Soplan aires de guerra desde el Este. Pilla a desmano, en un páramo como un témpano. Por casa también se libran otras luchas, quizás menos épicas ante la ausencia de desfiles militares. Hay una que también viene de lejos y no entiende ni de colores ni de formas de vida. Se trata del tiro en la nuca al autónomo, aniquilarlo por incómodo. Empeñados en bailar con la intermitencia, a veces mucho, otras nada… no deberían existir. ¡Las vidas horario y sin veranos merecen un castigo, más cuota! Ahora que la precarización es tendencia, nada mejor que ensañarse con más de tres millones. Todos los libros contables lo recogen: un colectivo maltratado ya no se rebela, prefiere asumir su pena como un galgo.
Cada cuatro años se producen amagos de parecernos en algo a Europa, ser menos toreros y más epígrafe. A ojos del burócrata resulta razonable pagar en función de lo ganado. La autonomía tiene un precio, como también pasa factura la incertidumbre de mañana. Porque el emancipado nunca llega a soberano si se atreve a levantar la cabeza y otea el horizonte. Allá, dentro de un mes fuera del calendario, casi siempre hay nada. Y hasta al vacío uno termina acostumbrándose.

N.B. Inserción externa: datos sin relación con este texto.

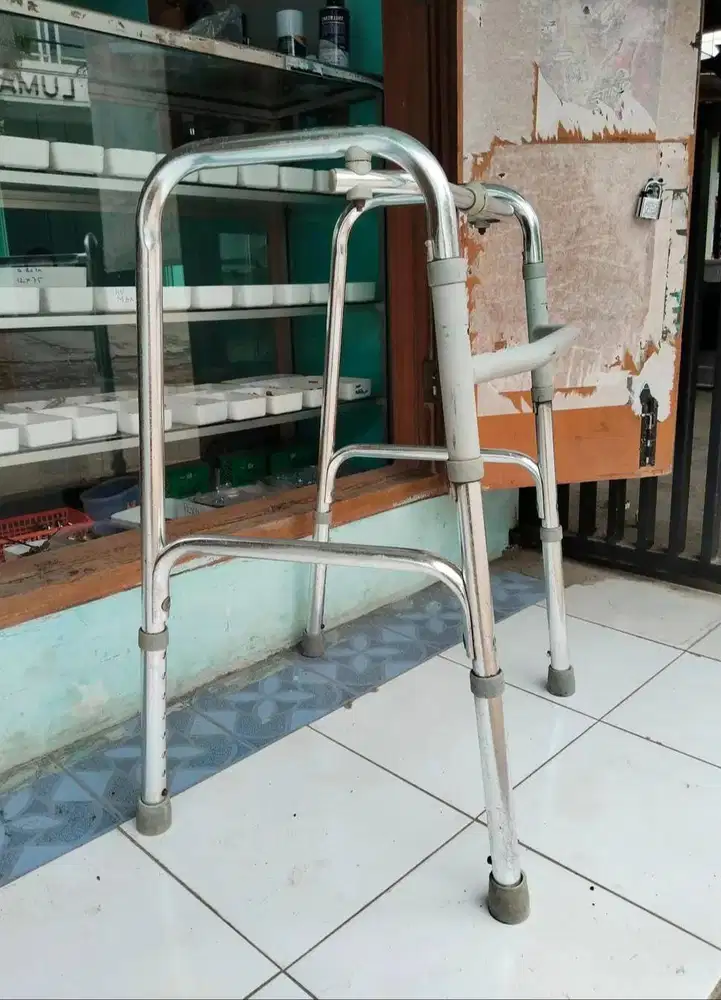 Walker/Alat Bantu Jalan 4 Tiang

Quizás sea eso lo que incordia. Porque ya se sabe que el que piensa ante la falta de actividad termina por incomodar e incomodarse. Ser hombres de empresa nada tiene que ver con ser su propia empresa, aunque el trabajo resulte una carga en ambos casos. Regreso a la imagen de los galgos. Sus ojos, ese cuerpo flaco ante una cuerda atada a un árbol. Ni siquiera ladra. Entonces ya sabemos cuál es nuestra única salida. Luchemos.